Semaglutide (Wegovy, Novo Nordisk) and tirzepatide (Zepbound, Eli Lilly) are both FDA-approved for chronic weight management. Semaglutide is a GLP-1 receptor agonist whose STEP 1 trial demonstrated 14.9% mean weight loss at 68 weeks. Tirzepatide is a dual GIP/GLP-1 receptor agonist whose SURMOUNT-1 trial demonstrated 22.5% mean weight loss at 72 weeks. The SURMOUNT-5 head-to-head trial directly compared both drugs for obesity and reported greater weight loss with tirzepatide (approximately 20.9%) than semaglutide (approximately 17.3%) at 72 weeks. Both are available via telehealth platforms for their FDA-approved weight management indications. Cost, insurance coverage, and supply availability differ between the two. This page focuses specifically on the weight loss context and does not provide treatment guidance.

Sermorelin vs Tesamorelin

Last reviewed 2026-07-08 · Next review 2026-08-07

Sermorelin and tesamorelin are both synthetic analogs of growth hormone-releasing hormone (GHRH) that stimulate endogenous GH secretion via pituitary GHRH receptors. Despite their mechanistic similarity, their regulatory trajectories diverge sharply. Tesamorelin (Egrifta) is FDA-approved for the reduction of excess visceral abdominal fat in HIV-infected patients with lipodystrophy, backed by a Phase 3 trial published in the New England Journal of Medicine (Falutz et al., 2010). Sermorelin (Geref) was previously FDA-approved as a diagnostic agent for pediatric growth hormone deficiency but was discontinued by the manufacturer and is no longer commercially available under an FDA-approved brand; it is now compounded by telehealth clinics for off-label adult use. This comparison documents their overlapping mechanism, divergent evidence bases, and distinct regulatory and availability landscapes.
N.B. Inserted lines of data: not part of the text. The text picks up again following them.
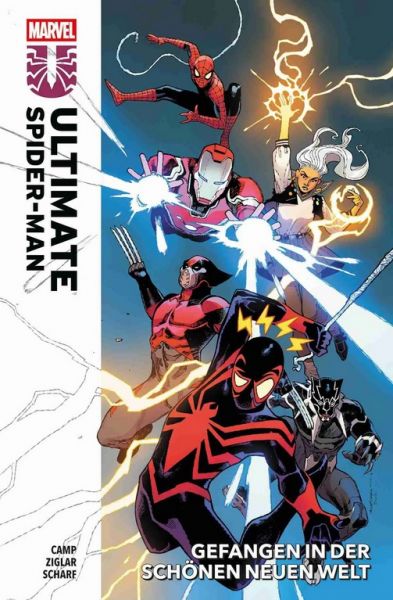 Ultimate Spider-Man Gefangen in der schönen neuen Welt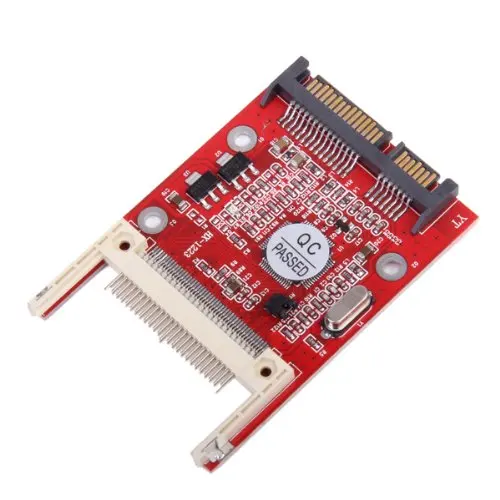 Компактный преобразователь адаптера Flash CF Serial ATA SATA|cf to sata adapter|cf satacf compact flash |
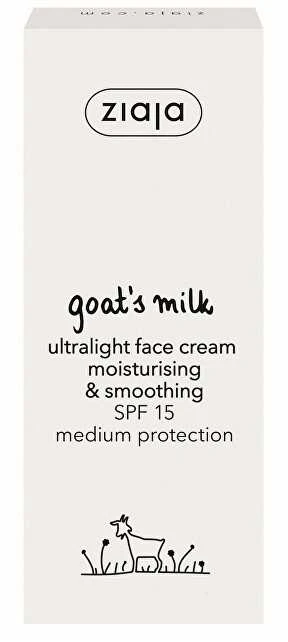 Ziaja ( Ultra Light Face Kreminis) SPF 15 ( Ultra Light Face Kreminis) 50 ml
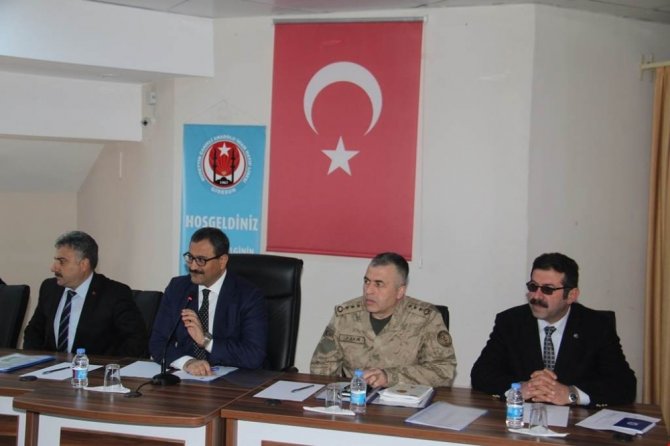 Giresun’da Okullarda İkinci Yarıyıl Tedbirleri Değerlendirildi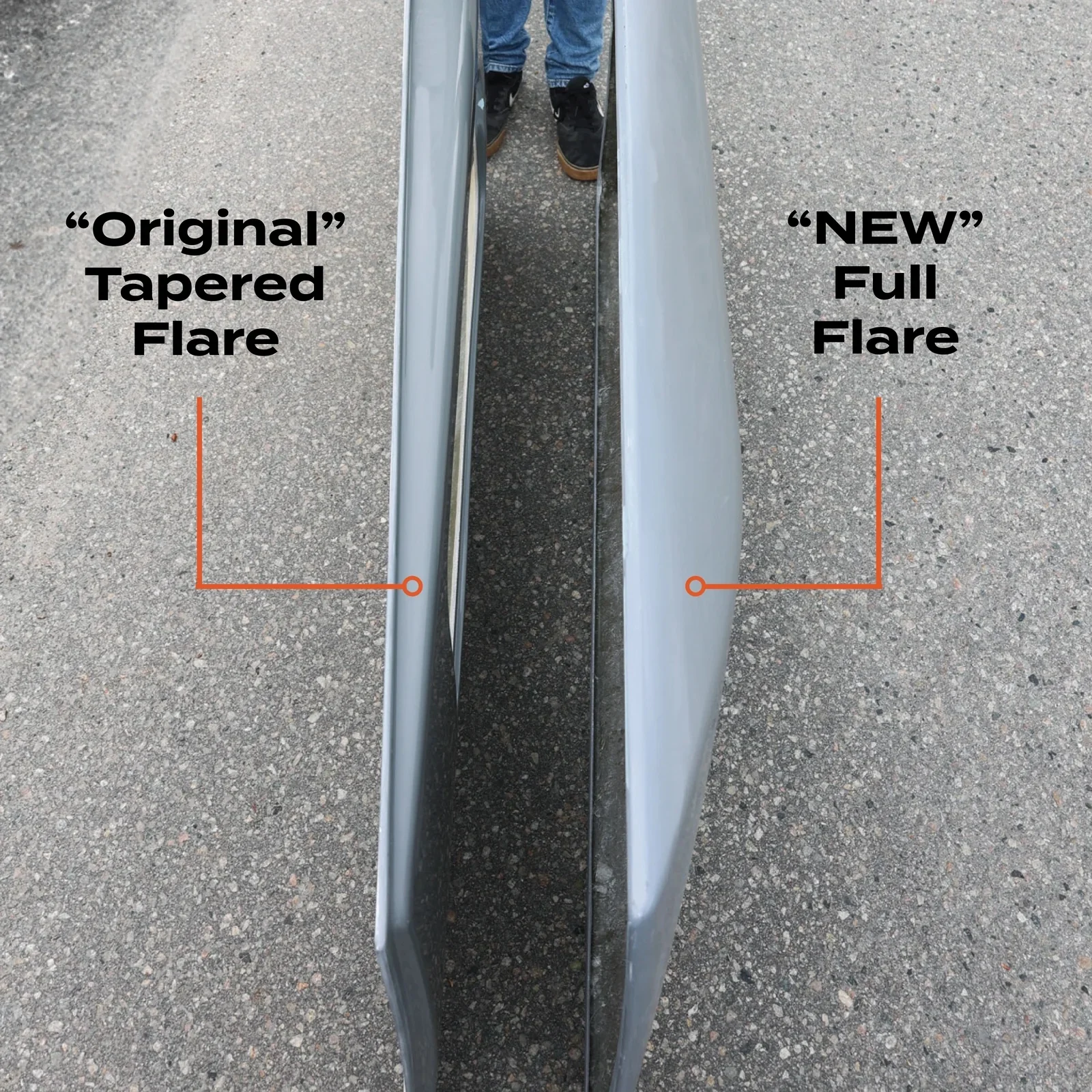 Flarespace 2007+ Mercedes Sprinter 170" Full Flares - Image 15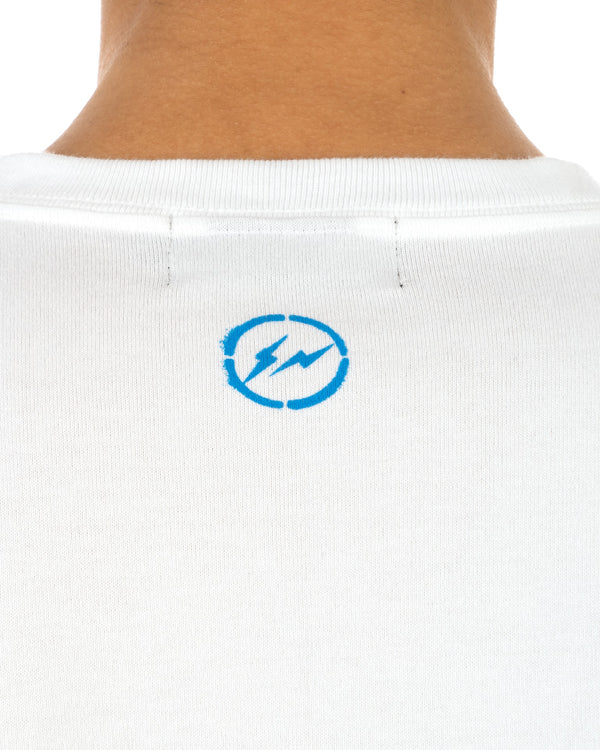 Medicom Toy | x Fragment Design 2020 BE@RTEE White - Concrete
Tirzepatide vs Semaglutide

Last reviewed 2026-07-08 · Next review 2026-08-08

Tirzepatide (Mounjaro/Zepbound, Eli Lilly) and semaglutide (Ozempic/Wegovy/Rybelsus, Novo Nordisk) are both increin-based injectable drugs FDA-approved for Type 2 diabetes and chronic weight management. Semaglutide is a single GLP-1 receptor agonist; tirzepatide is a dual GIP/GLP-1 receptor agonist. Both have published Phase 3 trial data and large-scale cardiovascular outcomes trials. Tirzepatide has demonstrated greater weight loss and A1C reduction in head-to-head trials (SURPASS-2, SURMOUNT-5) versus semaglutide, though the trials differ in populations and protocols. Both are widely prescribed and available via telehealth platforms. This page documents mechanistic, regulatory, and clinical trial differences without recommending either drug.